Clock and push botton questions

Thread Starter

dayv3

Joined May 22, 2014
38
Hi,

I want to build a reaction timer, but I have questions.

I want to turn on an led and after an amount time the led will
turn off. When the led turns off the user will press a button and
then the display will run and then stop to display the amount of time
between the led turning off and the button press.

Right now I am using a 12F683 but I can use a different PIC.

My questions are how to deal with the button.
How do I handle the button debounce? I wrote a button debounce ISR
but anything with a button will cost some time. How do I calculate the
button press/ debounce time and then correct for it for the displayed time?

I am also a little confused about starting and stopping the clock because
I am starting it internal to the program and stopping it by an external, push
button, event.

Finally, I am using a MAX7219 for the display via its SPI interface, is it better
to use the PIC to control the 7 segment displays directly?

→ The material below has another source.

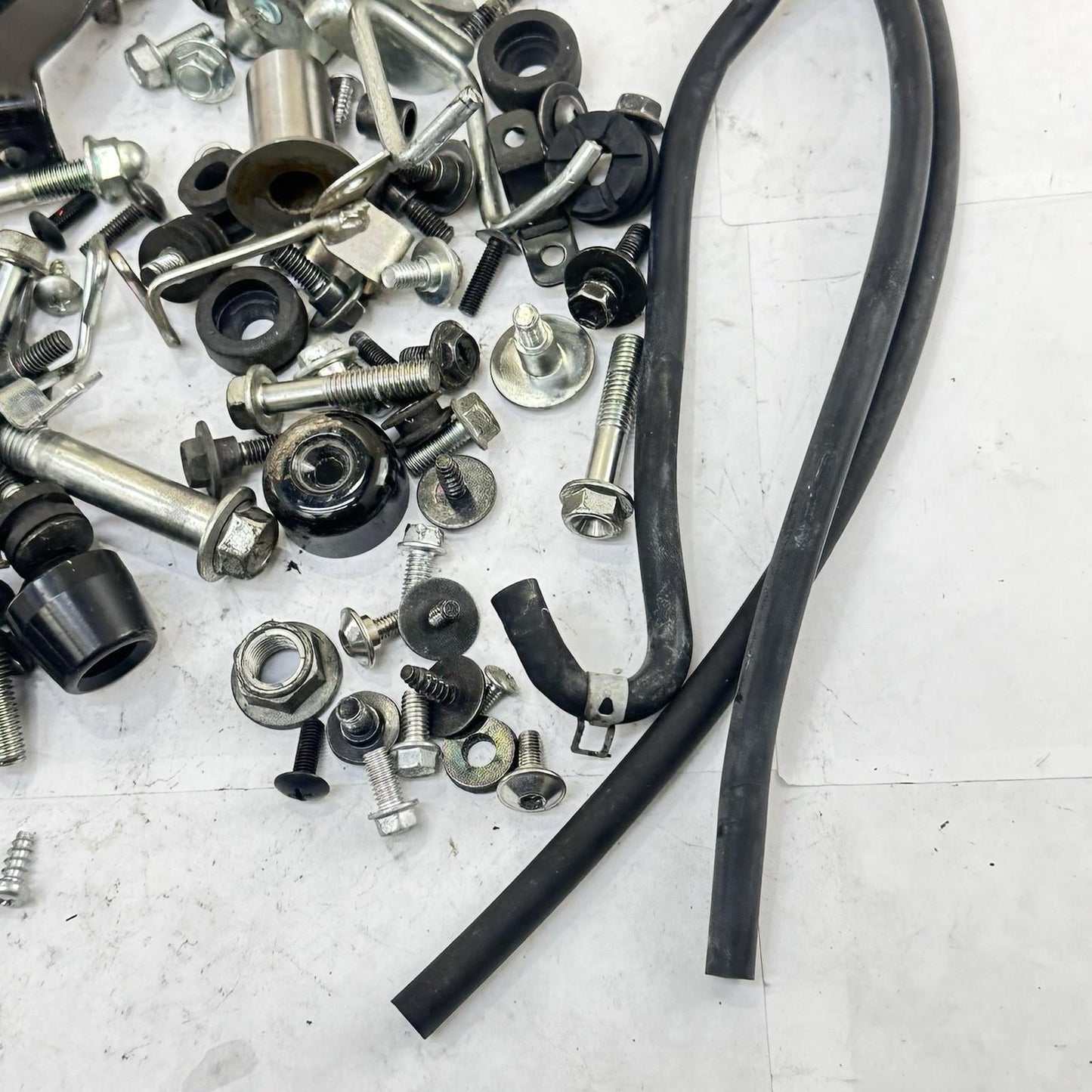 2011 - 2022 SUZUKI GSXR 600 GSXR 750 BOLTS NUTS PARTS SCREWS HARDWARE MOUNTING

If anyone could give me some direction I would greatly appreciate it.
Dave
 

MikeML

Joined Oct 2, 2009
5,444
Don't do software debouncing. Use an edge-triggered interrupt from the button to read the timer that you start when you turn off the LED. Write the ISR so that it responds only to the first edge from the button. All you care about is the time from LED off to the first button edge.
 

ErnieM

Joined Apr 24, 2011
8,377
Why debounce the button at all?

You are looking for the earliest press event, that event ends your wait for press timing loop and enters the next section of the program where the button state does not matter tiny bit.

The software starts the timer. Then when the software detects the button press the software stops the timer.

The MAX7219 trades one problem for another. Using that means using example hardware then you need learn the (SPI?) interface so your PIC can run it. Not using it means writing multiplex code and designing all the hardware.

Going the MAX7219 route may be the easier way of the two.
 
Last edited:

Thread Starter

dayv3

Joined May 22, 2014
38

djsfantasi

Joined Apr 11, 2010
9,163
Here's a simple Arduino sketch that does what you've described, to the best of my understanding. At a minimum, it serves as an example of reading an external pushbutton and using the Arduino's clock to measure the event, down to a millisecond accuracy.
Code:
#define LEDpin 13
#define Buttonpin 12
#define LEDontime 3000 // in ms

void setup() {
  // put your setup code here, to run once:
  pinMode(LEDpin, OUTPUT);
  pinMode(Buttonpin,INPUT_PULLUP);
}

void loop() {
  // put your main code here, to run repeatedly:
  unsigned long StartTime=0;
  unsigned long ReactionTime=0;

  digitalWrite(LEDpin,HIGH); // turn on the LED
  delay(LEDontime); // pause for three seconds
  digitalWrite(LEDpin, LOW); //turn off the LED

  StartTime = millis(); //start timing

  while(digitalRead(Buttonpin) == HIGH) ; //do nothing if button not pressed

  ReactionTime = millis() - StartTime; // calculate elapsed time
  
  Serial.print("Reaction time was ");  // output results
  Serial.print(ReactionTime);
  Serial.println("ms. ");
}
Some improvements I can think of is adding a second button to start the LED, or making the pause time some random value between a minimum and maximum.